Engine’s rising out of the ground in New Albany. You have Sarepta building here in Columbus. You have Expression in Cincinnati, and what CTI and Medpace are doing down in Cincinnati and others across the state. It’s becoming real. And the universities are starting to respond to the demand signals. And they’re looking to organizations like Mix and BioOhio to help them get oriented and create the product, the curriculum, the degrees, and the certificates that align with the needs of industry.

So we just need to train the universities and academic partners on what they need to deliver and they will deliver. Because ultimately, I think given the demand, and then we have to focus on the students to recruit them, educate them that that opportunity is there because universities need people in the seats. That’s what drives most of the dynamics within the universities. But I think it’s there. We just need to help them get focused appropriately.

And then beyond that, I think there’s some opportunities we need to think creatively. One thing we hear about from companies is because this an emerging market, the established talent base of middle and senior level talent is not here. And I know that’s part of Mix’s business. We hear about it all the time at BioOhio. When I talk to the companies, I hear about it. And we need to think creatively about that awareness and branding on the coast, but creating and building the ecosystem so people have optionality when they come here.

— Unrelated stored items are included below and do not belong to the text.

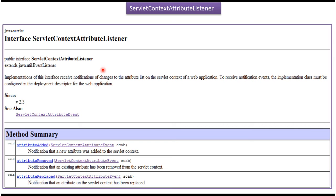Suppose if you want to write a listener, you have to implement this interface. Whenever an attribute is added in the surlott-contact, the attribute added method will be called. Whenever an attribute is removed from the surlott-contact, the attribute removed method will be called. Whenever an attribute is replaced with some other value, the attribute replaced method will be called.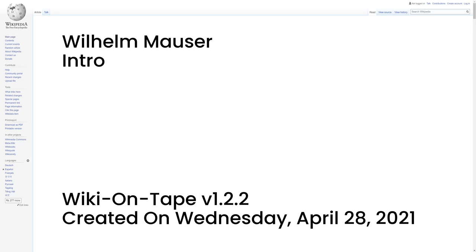Hello, and welcome to Wiki on Tape. Today, I will be reading about Wilhelm Mauser. This recording was made on Wednesday, April 28, 2021 by Wiki on Tape v1.2.2. Let's get started.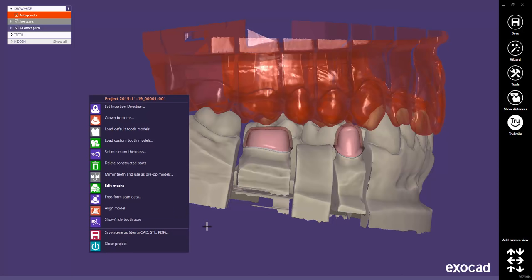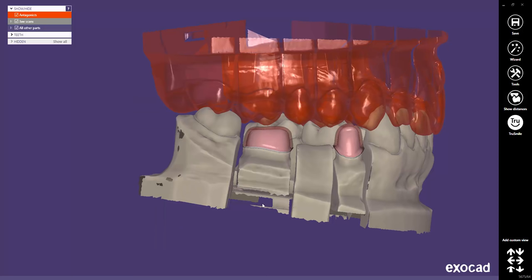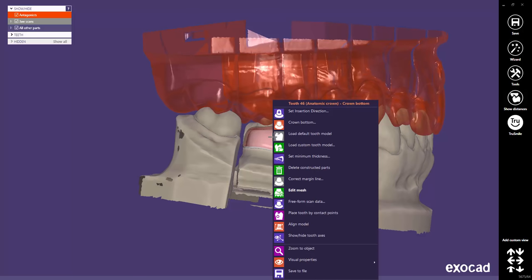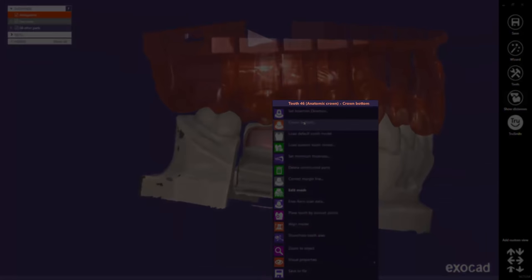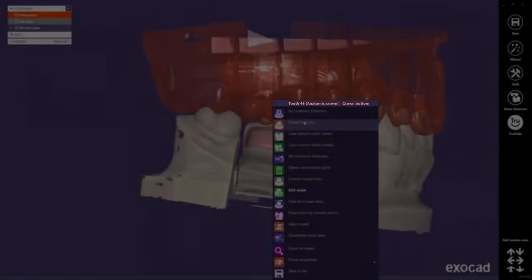To select a tooth with the right mouse context menu, right-click on the desired restoration part, then select the desired work step. Here too, the active part will always be indicated on top of the context menu.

If company X doesn’t work out, then they can go down the street without disrupting their family. And having to move again will be helpful as well. So some will take care of itself. And as we have more successes like Myonexus and other exus like Avexus, you’ll start to create more talent and experience talent that just drives more and more momentum. So part of this is it takes time. We definitely need funding. We need to train the universities and the community colleges on what they need to be delivering.

K.C. McAlister:

Mm-hmm. Just an add to that?

Eddie Pauline:

Well, I was just going to expand a little bit on the importance of that bench strength of talent to kind of move these companies forward. Again, all this innovation coming out of our institutions, we don’t want it to leave Ohio. But in order to keep it here, we need people like Mike to lead these companies, and people like Mike need support when it comes to staffing of these companies.

I was recently made aware of a really terrific program up at the Cleveland Clinic called the Innovation Fellows Program. This is a wonderful opportunity that the clinic offers all non-clinical staff. They can come into this program and learn about everything you need to know to be successful in the life science company, how to commercialize something, the regulatory impact on the industry, understanding that branding, the list goes on.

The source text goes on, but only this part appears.